Kotwan is a village in the Mathura district of Uttar Pradesh, India. It is the site where according to Hinduism, Krishna spent his childhood and is one of the main places in the Braj Bhoomi region. The Village is about 100 km away from Agra.

Kotwan Village is the Saadhna Sthali, Shri Brijbhushan Mandir of Shri Madhav, and Das Ji Maharaj, or Mauni Baba Ji

== Geography ==
Kotwan is located at , in the Mathura District of Uttar Pradesh, India. It belongs to Agra Division. It is located 55 km towards North from District headquarters Mathura, 20 km from Nandgaon, and 429 km from state capital Lucknow.

Nabipur (3 km), Hatana (4 km), Lalpur (5 km ), Kharauth (5 km), Bathain Khurd (6 km) are the nearby villages to Kotwan.
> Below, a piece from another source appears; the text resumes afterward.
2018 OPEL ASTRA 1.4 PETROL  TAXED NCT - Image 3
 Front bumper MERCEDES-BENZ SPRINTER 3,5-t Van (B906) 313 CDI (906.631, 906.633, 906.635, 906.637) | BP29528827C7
Kotwan is surrounded by Chhata Block towards East, Hodal Block towards North, Hassanpur Block towards North, and Punahana Block towards west.

Hodal, Palwal, Kosi Kalan, Vrindavan, Mathura are the cities nearby Kotwan.

Kotwan is located at the border of the Mathura District and Bharatpur District. Bharatpur District- Kaman is located to the west of it. It is near to the Haryana-UP Border.

== Demographics ==

===Kotwan 2011 Census Details===

Kotwan Local Language is Hindi. Kotwan Village Total population is 5193 and number of houses are 802. Female Population is 47.2%. Village literacy rate is 58.0% and the Female Literacy rate is 21.8%.

===Population===

| Census Parameter | Census Data |
|---|---|
| Total Population | 5193 |
| Total no. Of Houses | 802 |
| Female Population % | 47.2% (2452) |
| Total Literacy Rate % | 58% (3013) |
| Female Literacy rate %, | 21.8% (1134) |
| Schedule Tribes Population % | 0.0% (00) |
| Schedule Cast Population % | 19.6% (1019) |
| Working Population % | 24.5% |
| Child (0-6) Population | 790 |
| Girl Child (0-6) Population % | 44.4% (351) |

== Religious heritage ==

Kotwan is considered to be a holy place for Vaisnavism tradition of Hinduism. It is a related to worship of Braj and the area includes places like Sheetal Kund that are associated with Krishna. Millions of devotees of Radha Krishna visit these places of pilgrimage every year and participate in a number of festivals. The center of Krishna-worship has been for a long time Brajbhumi, the district of Mathura that embraces also Vrindavana, Govardhana, and Gokula, associated with Krishna from the time immemorial. Many millions of Krishna bhaktas visit these places every year and participate in the numerous festivals that re-enact divine scenes from Krishna's life on Earth, of which were spent in those very places.

==Transportation==

===Road===
Kotwan is well connected by roads and is connected to Delhi by National Highway (NH) 19

===Rail===
- Kosi Kalan Rail Station is on the Old G.T. Road Kosi Kalan.
- Hodal Rail Station is on the Agra-Delhi Road.